New research funded by us suggests that heart disease risk can be passed from father to son.
The research, presented at the European Society of Cardiology Congress in Munich shows that men who carry a specific type of Y chromosome are at an 11 per cent increased risk of heart and circulatory disease.
The Y chromosome is a male-specific piece of human DNA – it is passed on from fathers directly to sons. Researchers from the University of Manchester compared the genetic make-up of the Y chromosome with health data from 129,133 men enrolled in the UK Biobank study.
Around 13 per cent of these men carry the type of Y chromosome, known as I1, which is common in Northern Europe and was once thought to represent a genetic legacy of Viking invaders on the British Isles.

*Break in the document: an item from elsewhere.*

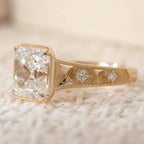 Side view of a 3 carat Asscher cut lab diamond ring highlighting the hand-engraved chevron pattern band set with bezel round accent diamonds.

This type of Y chromosome was associated with an increase in risk of coronary heart disease, which was independent of traditional risk factors like cholesterol, smoking and diabetes.
The researchers then sequenced the DNA and RNA of men known to have the I1 Y chromosome from their fathers and found changes in the processes that control the immune response, blood clotting, and cholesterol processing.
These findings shed new light on the inheritance of heart disease and why it develops earlier and more frequently in men. Two heart disease patients out of every three are male, and heart disease strikes men 10 to 15 years earlier than it does women.
Dr James Eales, at the University of Manchester, the first author of the research shared his thoughts:
“Recent advances in the field of genetics have made it increasingly easy for us all to unlock the secrets of our genetic makeup. With the advent of access to large population-based resources such as UK Biobank and access to cutting-edge technologies, we can gain very deep insights into the genetic risk of coronary artery disease”
Our associate medical director, Professor Metin Avkiran also commented on the findings:
“There are some risk factors for heart disease we can control but others that are in our DNA. The more research we do to learn about the genetic risk factors and how they interact with those risk factors that we can control, the greater the opportunity for targeting preventative medicines towards those who need them the most.
“If you’re worried about a family history of heart disease, speak to your GP.”